Writing down your thoughts will help you not only to release that pent up emotions but to let yourself see your mistakes from another perspective. Every time you feel guilty jots it down in a journal. Track the way you feel and why so. Get to understand the source of your guilt better and you will soon learn to distance yourself from it.
Self forgiveness is one of the most precious gifts we can give to ourselves. A gift that will not only will bring peace into our hearts, but it will also transform our lives and the lives of those we come in contact with.
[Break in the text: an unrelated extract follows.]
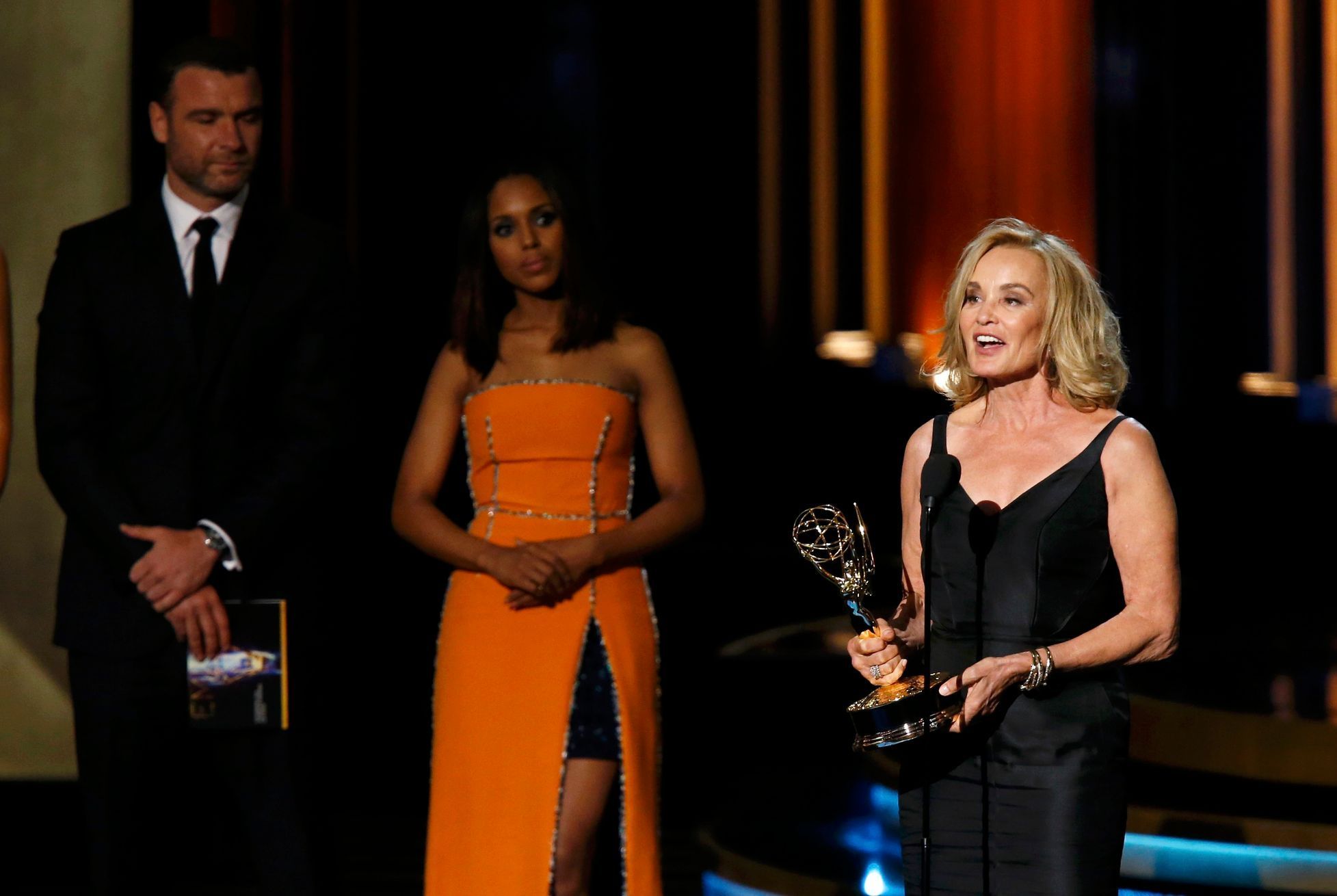 Jessica Lange accepts the award for Outstanding Lead Actress In A Miniseries Or A Movie for her role in &quot;American Horror Story: Coven&quot; as presenters Kerry Washington and Liev Schreiber look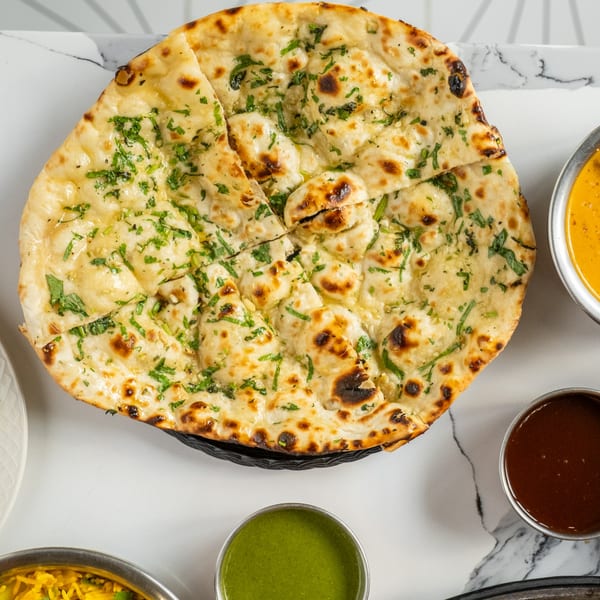 Garlic naan bread, cut into pieces, with cilantro and butter, alongside Indian sauces.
“Inner peace can be reached only when we practice forgiveness. Forgiveness is letting go of the past, and is therefore the means of correcting our misperceptions.” ~ Gerald Jampolsky
To give yourself the gift of self-forgiveness is to make room in your heart for love, allowing yourself to receive love from yourself and from those around you.
Being grateful—or having gratitude—for the past can positively affect your future. Research has shown that people who think about the past in an optimistic way have increased capacity for happiness.
You might experience a variety of feelings when thinking about the past—from pride, satisfaction and contentment to bitterness and anger. These feelings are all actually controlled by your memories, which you can manage.
If you have bad memories, you might be able to change them to neutral or good feelings by challenging your thinking or through forgiveness.